Collected material section start

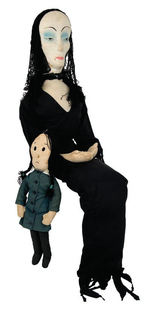 THE ADDAMS FAMILY - MORTICIA AND WEDNESDAY ADDAMS DOLLS.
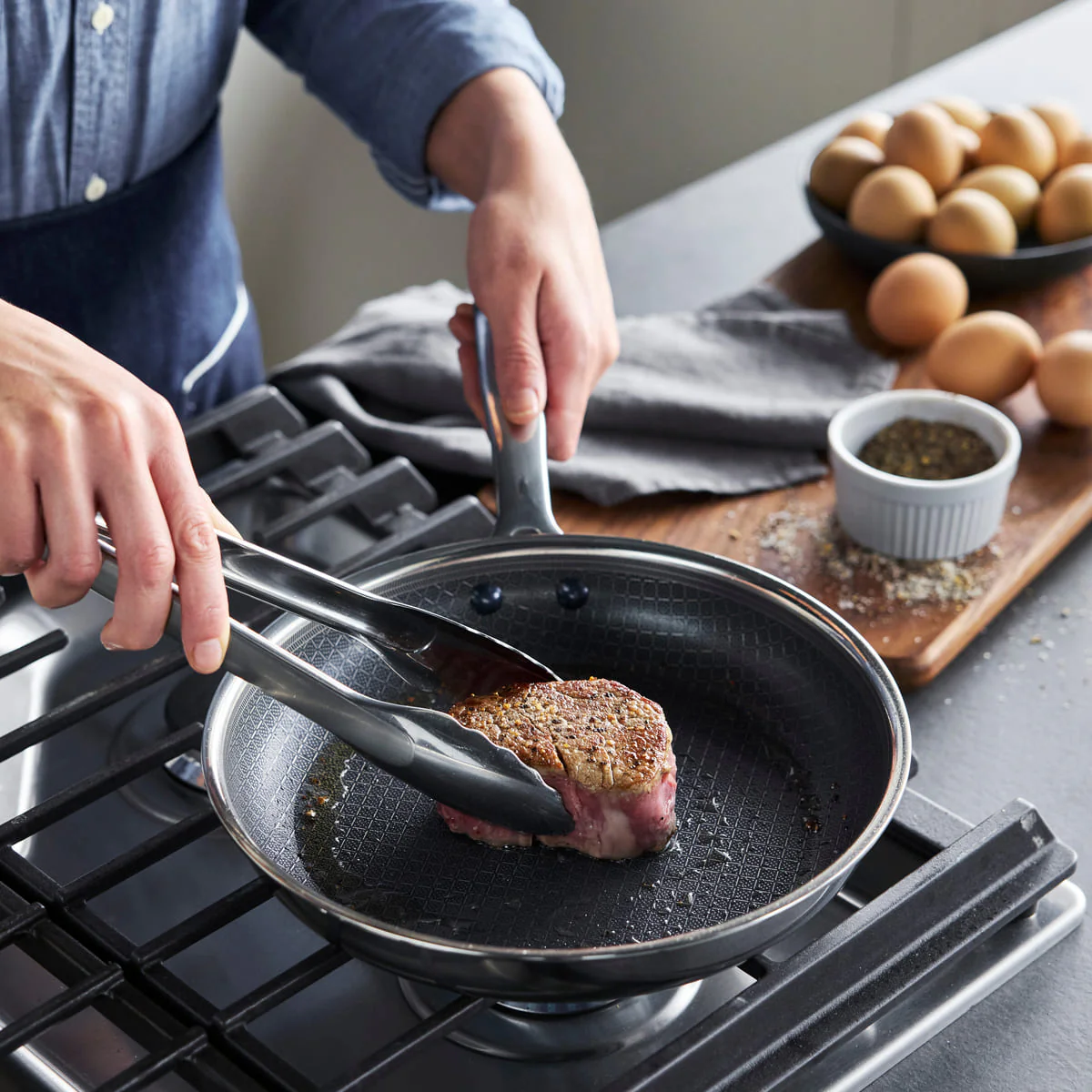 Blue Diamond<br> Diamond Bond 12pcs Cookware Set, Stainless Steel - Image 3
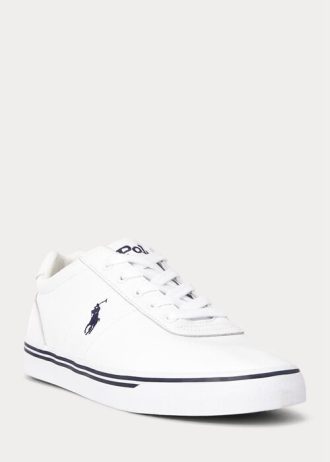 Weiße Herren-Sneakers „Hanford“ von Ralph Lauren aus Leder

Collected material section end

* _Instructions to follow_:
Would you transcribe, exactly and only, the lines from the one that contains "Blue Diamond<br> Diamond" through the last line of the data above, without any pictures?

* _Task solution_:
 Blue Diamond<br> Diamond Bond 12pcs Cookware Set, Stainless Steel - Image 3
 Weiße Herren-Sneakers „Hanford“ von Ralph Lauren aus Leder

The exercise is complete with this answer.